WORK TO BE COMPLETED: Your answer must consist of the lines running from the one that holds "Purple Space Marble" to the end of the data, copied exactly.
- Opening Delimiter -
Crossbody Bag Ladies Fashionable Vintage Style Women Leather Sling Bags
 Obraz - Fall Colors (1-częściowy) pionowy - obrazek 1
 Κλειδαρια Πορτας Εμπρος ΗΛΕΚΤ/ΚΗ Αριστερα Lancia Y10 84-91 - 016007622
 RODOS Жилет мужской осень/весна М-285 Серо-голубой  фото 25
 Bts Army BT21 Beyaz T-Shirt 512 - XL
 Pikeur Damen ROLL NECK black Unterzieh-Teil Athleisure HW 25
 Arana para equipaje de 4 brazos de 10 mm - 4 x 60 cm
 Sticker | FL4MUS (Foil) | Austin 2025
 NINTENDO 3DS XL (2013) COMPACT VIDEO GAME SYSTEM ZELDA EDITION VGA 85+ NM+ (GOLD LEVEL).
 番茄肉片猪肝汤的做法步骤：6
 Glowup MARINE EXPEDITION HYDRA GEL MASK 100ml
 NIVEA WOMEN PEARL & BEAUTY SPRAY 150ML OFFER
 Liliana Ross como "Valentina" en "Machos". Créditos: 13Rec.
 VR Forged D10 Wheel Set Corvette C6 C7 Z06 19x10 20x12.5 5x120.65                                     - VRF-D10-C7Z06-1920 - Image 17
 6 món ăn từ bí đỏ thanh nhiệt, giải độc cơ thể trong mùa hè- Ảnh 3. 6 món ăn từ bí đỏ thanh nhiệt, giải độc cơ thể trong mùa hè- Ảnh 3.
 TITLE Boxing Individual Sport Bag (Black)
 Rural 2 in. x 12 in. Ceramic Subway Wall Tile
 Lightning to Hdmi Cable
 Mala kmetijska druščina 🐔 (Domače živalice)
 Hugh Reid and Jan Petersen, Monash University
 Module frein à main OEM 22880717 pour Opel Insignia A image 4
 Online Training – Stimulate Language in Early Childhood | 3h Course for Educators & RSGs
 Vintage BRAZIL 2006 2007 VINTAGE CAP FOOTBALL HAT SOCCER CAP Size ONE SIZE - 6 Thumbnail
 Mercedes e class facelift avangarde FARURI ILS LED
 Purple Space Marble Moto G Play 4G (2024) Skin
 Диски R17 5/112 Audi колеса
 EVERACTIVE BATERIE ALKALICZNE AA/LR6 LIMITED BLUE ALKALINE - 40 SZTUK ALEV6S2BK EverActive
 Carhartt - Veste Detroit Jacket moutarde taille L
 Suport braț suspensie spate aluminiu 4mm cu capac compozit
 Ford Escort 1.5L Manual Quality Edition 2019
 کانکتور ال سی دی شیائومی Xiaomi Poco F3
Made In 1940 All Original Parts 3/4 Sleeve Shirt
- Closing Delimiter -
RESPONSE TO THE EXERCISE:
 Purple Space Marble Moto G Play 4G (2024) Skin
 Диски R17 5/112 Audi колеса
 EVERACTIVE BATERIE ALKALICZNE AA/LR6 LIMITED BLUE ALKALINE - 40 SZTUK ALEV6S2BK EverActive
 Carhartt - Veste Detroit Jacket moutarde taille L
 Suport braț suspensie spate aluminiu 4mm cu capac compozit
 Ford Escort 1.5L Manual Quality Edition 2019
 کانکتور ال سی دی شیائومی Xiaomi Poco F3
Made In 1940 All Original Parts 3/4 Sleeve Shirt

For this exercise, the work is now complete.